By making use of a third-party data aggregator with traditional and online identity information that goes "way back" and includes the sources that the data was obtained from, businesses can get a clear view of the differences between real and synthetic identities.
Five Ways to Sort the Real from the Synthetic Using "Way Back" Data
1. Look for symmetrical accumulation of identity elements
- A real person: A legitimate online identity will display an asymmetrical accumulation of both online and traditional identity elements. Email addresses, social media accounts, and mailing addresses will have been added over a long period of time as a person lives their life and accesses the services they need.
- A synthetic identity: While it may be nurtured for a period of time, a synthetic identity will typically show a symmetrical accumulation of identity elements: the date that an associated email address was first seen will be close to the the first-seen date and associated social-media account plus any offline information, such as a P.O. box. It is impossible for a fraudster to go back in time to simulate the manner in which a real person adds details associated with their identity.
2. Look for a low number of online identity elements
- A real person: Real people's online identifiers evolve. They have probably given up their Yahoo! email account for Gmail and their MySpace account for one on Facebook. Additional social media accounts -- Twitter, Instagram, and more -- are also likely to be present.
- A synthetic identity: With a data solution that goes back decades and pulls from multiple sources, it becomes easy to spot a synthetic identity's telltale lack of depth. It is typical for a synthetic identity to show just a mailing address, a single social media account, and one email address -- and it is probably not one associated with an employer.

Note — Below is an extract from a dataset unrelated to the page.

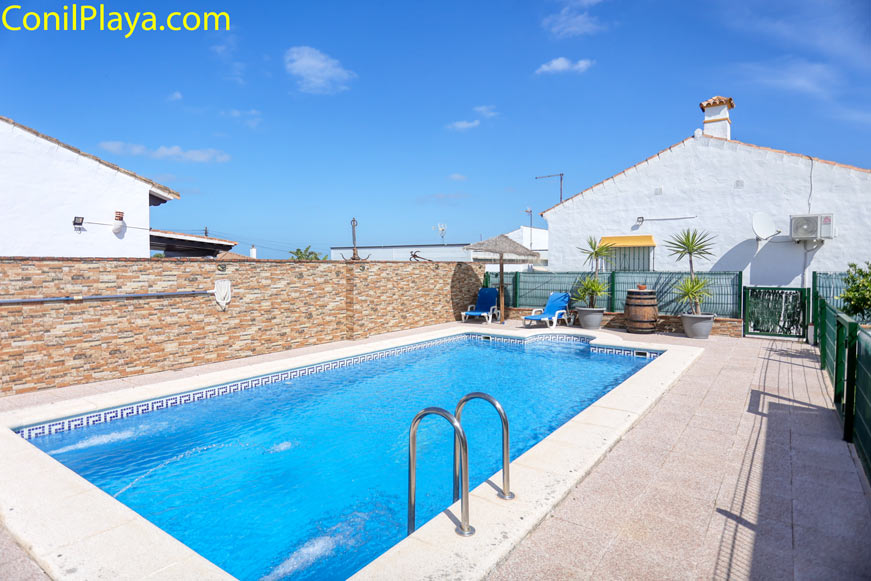 Piscina vallada con tumbonas y macetas decorativas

3. Look for a lack of offline identity data
- A real person: Real people exist beyond the online world. Look at their offline identity information, and you will see multiple physical addresses, vehicle registrations, employers, and maybe even a landline number or two.

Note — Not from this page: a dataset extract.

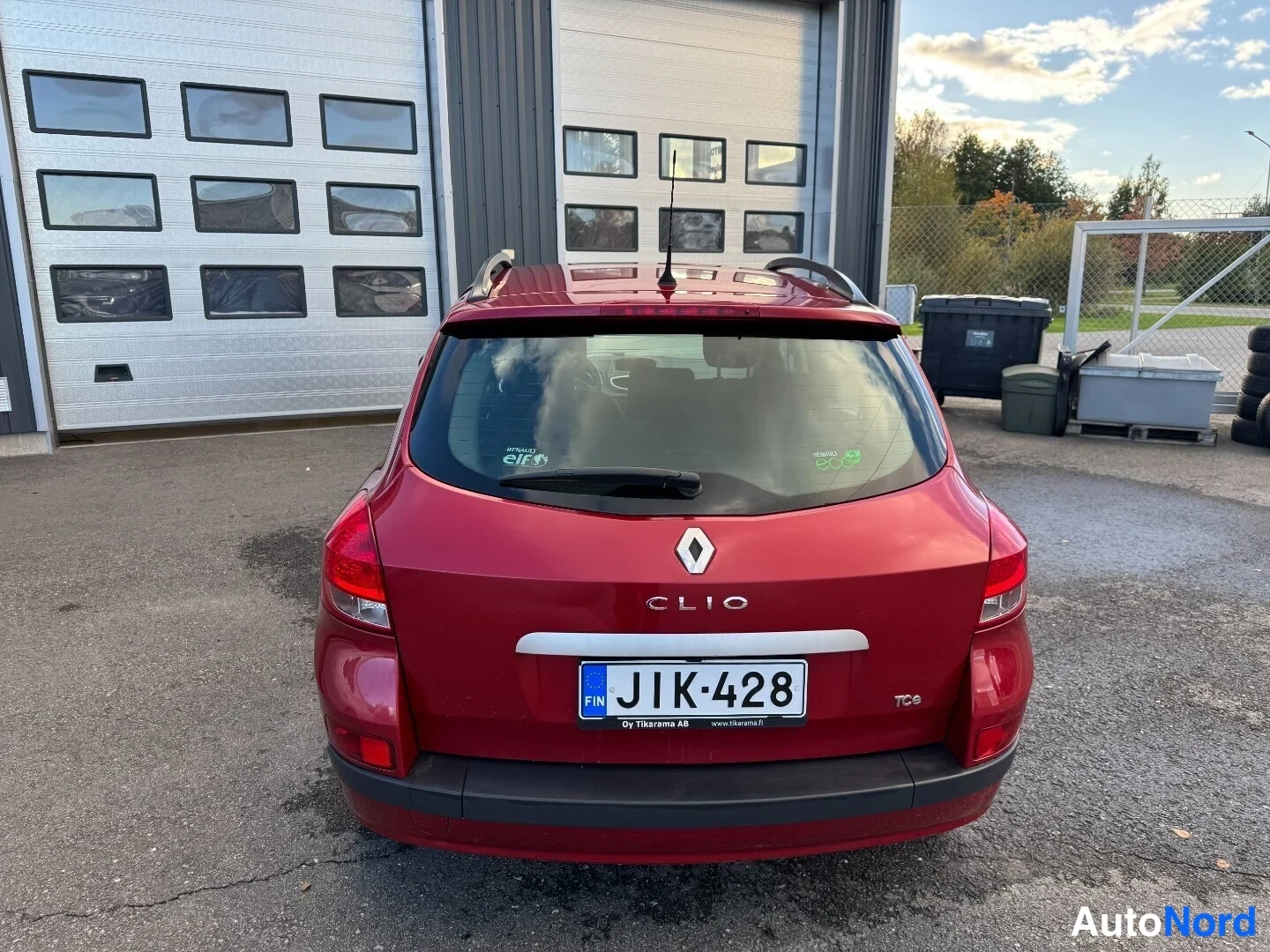 Takaa: Punaisen Renault Clion takaosa suoraan takaa, rekisterikilpi ja CLIO-merkintä.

- A synthetic identity: When an identity is fabricated and exists solely in the online world, it is no surprise that it will show a lack of offline identity information. The most you will probably see is a P.O. box.

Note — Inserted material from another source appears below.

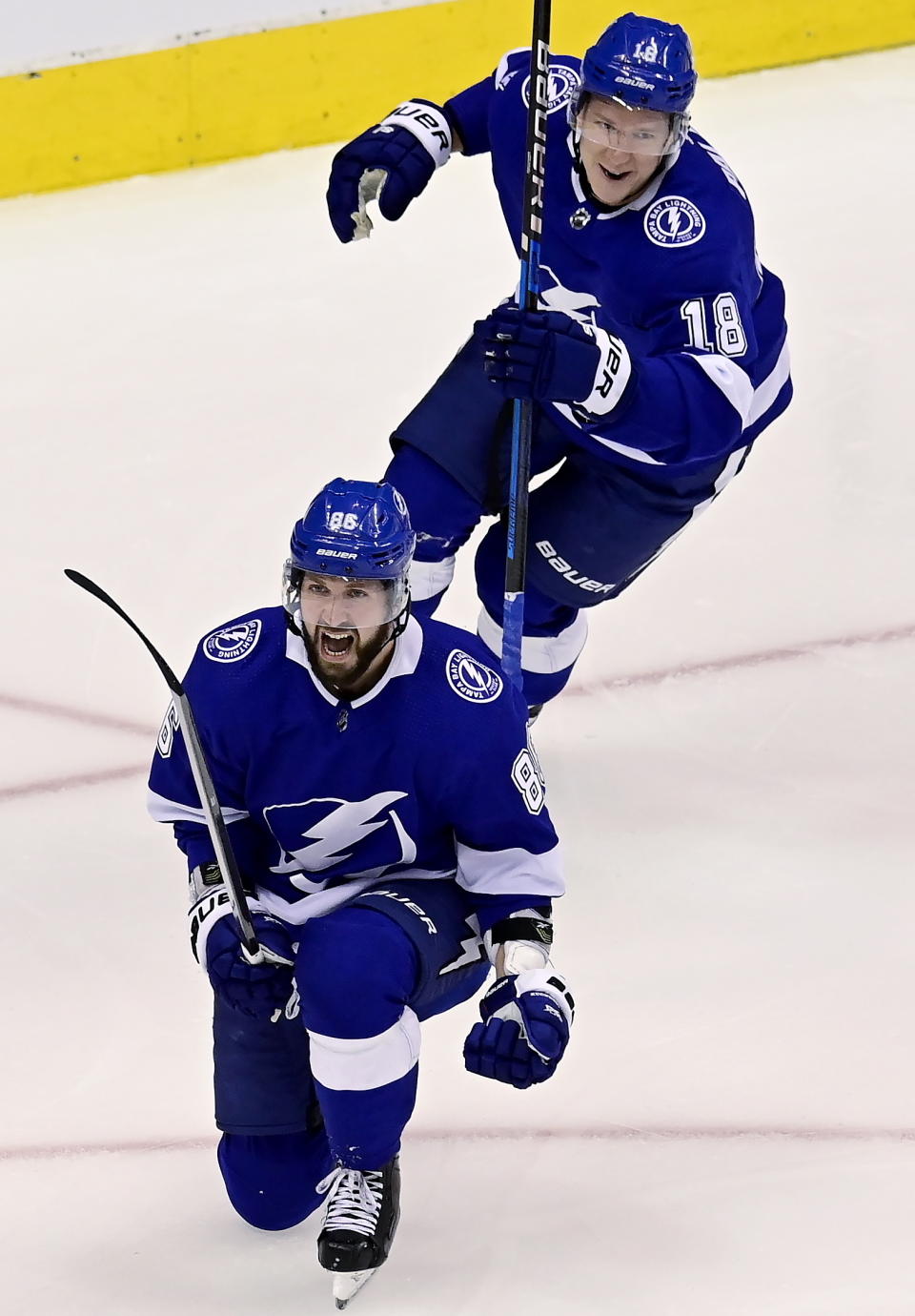 Tampa Bay Lightning right wing Nikita Kucherov (86) celebrates his goal with teammate Ondrej Palat (18) during the first period of an NHL hockey Stanley Cup playoff gsme in Toronto, Thursday, Aug. 13, 2020. (Frank Gunn/The Canadian Press via AP)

4. Look for a low number of sources
- A real person: As they live their life, a real person leaves traces of their existence in multiple sources: the DMV, government records, credit bureaus, etc. An email address or a phone number -- identity elements that are commonly used as unique identifiers for account creation -- can likely be found on a wide variety of sources, corroborating their validity.
- A synthetic identity: When an identity is created out of thin air, the elements of their identity will not be in existence long enough to have been associated with a large number of sources. This means that they cannot be corroborated.
5. Look for a credit history built on secured credit
- A real person: While it is normal for young adults to start building their credit history with secured credit, that phase is long in the past for most people.
- A synthetic identity: If your data sources show that a person over 25 started building their credit history using secured credit and then quickly added credit cards, it is worth taking a closer look.
It Is All about the Way-back
Leading providers of identity information are able to provide decades worth of data, gathered from multiple online and offline sources. By taking a close look at what elements are present, when they appeared, and how many sources they can be corroborated across, businesses can gain the upper hand on fraudsters attempting to commit theft using synthetic identities.